Your goal: Each line of the listing, apart from the pictures, is to be printed exactly.

Information provided:
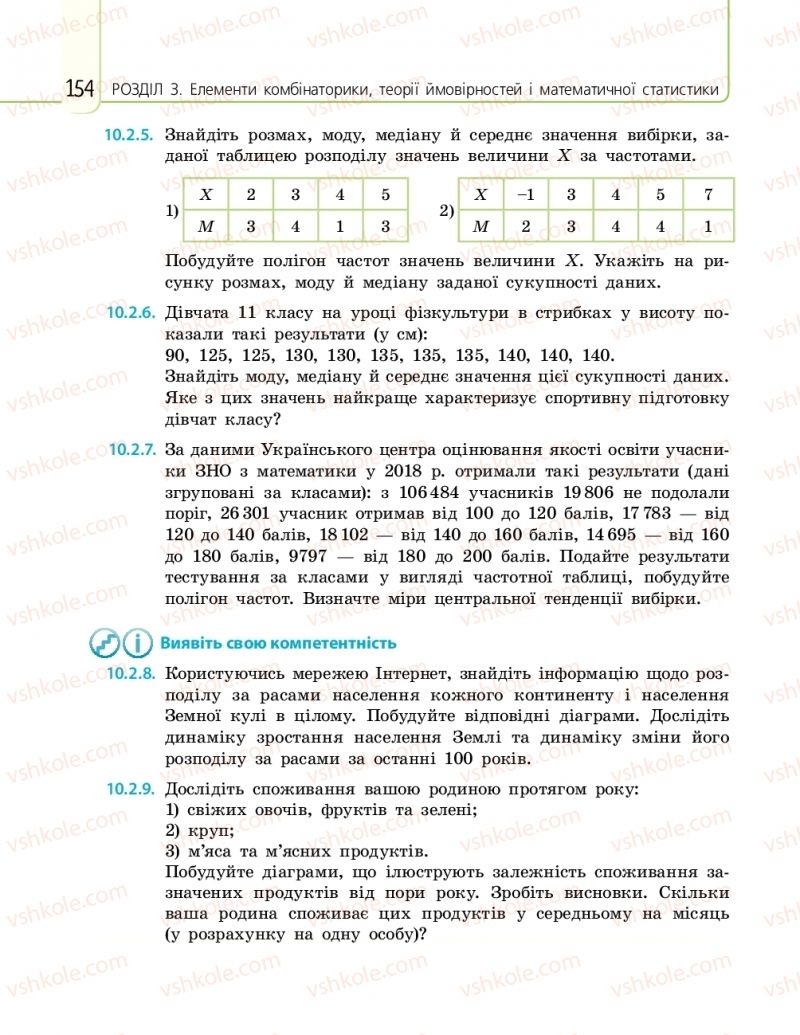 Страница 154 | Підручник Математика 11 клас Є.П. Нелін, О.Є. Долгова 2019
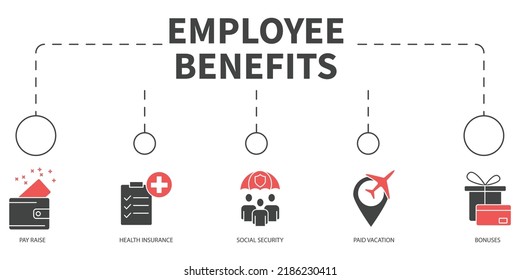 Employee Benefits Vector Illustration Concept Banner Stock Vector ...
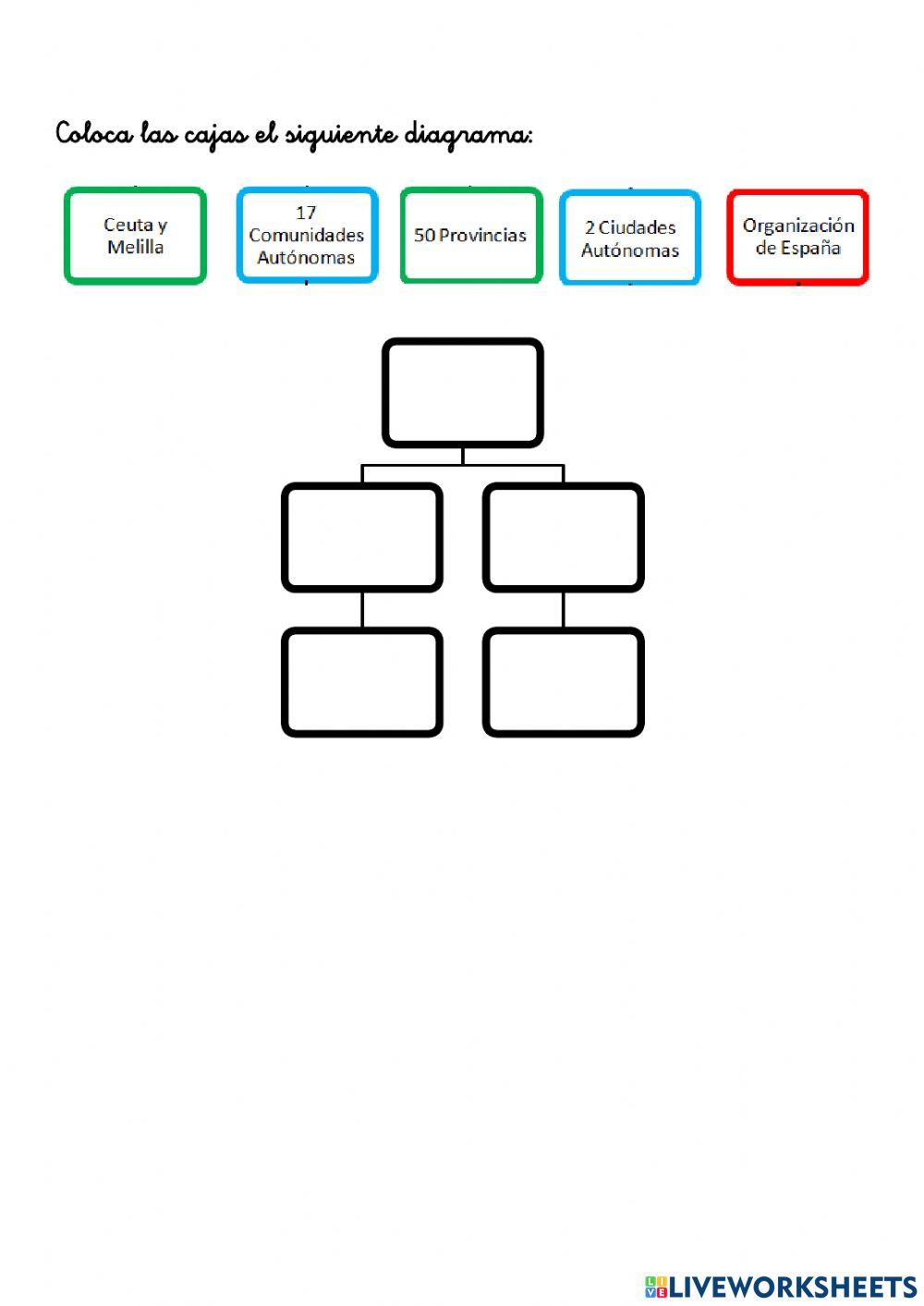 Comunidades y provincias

Task response:
 Страница 154 | Підручник Математика 11 клас Є.П. Нелін, О.Є. Долгова 2019
 Employee Benefits Vector Illustration Concept Banner Stock Vector ...
 Comunidades y provincias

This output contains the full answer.